As aforementioned, the PI3K/Akt pathway is often abnormal in cancer. Akt activation synthesises components required for lipogenesis and supply intermediates needed for anabolism, both of which are essential for synthesising lipids in cancer cells (Koundouros et al., 2019).
Therefore, therapy can target multiple aspects of fatty acid metabolism. Firstly, targeting de novo fatty acid synthesis. Therapeutic agents that block sterol regulatory binding protein 1 (SREBP-1), a transcription factor regulating fatty acid synthesis (Chen et al., 2019). By inhibiting SREBP-1, tumour growth can be inhibited. Secondly, targeting fatty acid modification by inhibiting the uptake of exogenous fatty acids by cancer cells by blocking CD36, FATPs, LDLR and FABPs (Chen et al., 2019). Treatments blocking these membrane proteins have been used as potential anti-cancer therapies (Chen et al., 2019). Thirdly, targeting fatty acid storage and mobilisation. As aforementioned, excess intracellular fatty acids are stored as lipid droplets, which provides benefits such as preventing lipotoxicity and oxidative stress for tumour cells (Chen et al., 2019). Inhibition of lipid droplet formation by blocking molecules involved in the process like lysophosphatidylcholine acytransferase 2 and FABPs can increase lipotoxicity in cancer cells, hence promoting cell death and inhibiting cell growth (Chen et al., 2019).
Understanding the ability of cancer cells to adopt different metabolic pathways to survive acts as a potential to novel therapies. Although therapies targeting fatty acid metabolism already exist, more research needs to be done for it to be targeted on a specific type of cancer on a specific component of the complex PI3K/Akt/mTOR signalling pathway.
Chen, M. & Huang, J. 2019, “The expanded role of fatty acid metabolism in cancer: new aspects and targets”, Precision clinical medicine, vol. 2, no. 3, pp. 183-191.
Koundouros, N. & Poulogiannis, G. 2019, “Reprogramming of fatty acid metabolism in cancer”, British journal of cancer, vol. 122, no. 1, pp. 4-22.

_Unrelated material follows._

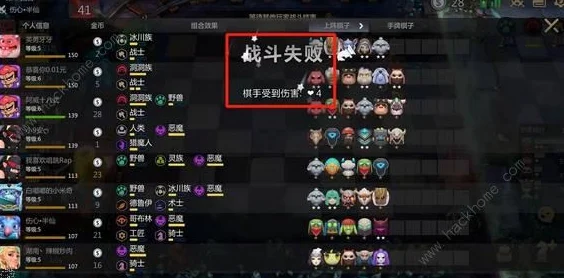 塔塔守卫战全新攻略：高效阵容搭配技巧与策略解析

Porta, C., Paglino, C. & Mosca, A. 2014, “Targeting PI3K/Akt/mTOR Signaling in Cancer”, Frontiers in oncology, vol. 4, pp. 64.
Yang, J., Nie, J., Ma, X., Wei, Y., Peng, Y. & Wei, X. 2019, “Targeting PI3K in cancer: mechanisms and advances in clinical trials”, Molecular cancer, vol. 18, no. 1, pp. 26.
Zhou, X., Yang, X., Sun, X., Xu, X., Li, X., Guo, Y., Wang, J., Li, X., Yao, L., Wang, H. & Shen, L. 2019, “Effect of PTEN loss on metabolic reprogramming in prostate cancer cells”, Oncology letters, vol. 17, no. 3, pp. 2856-2866.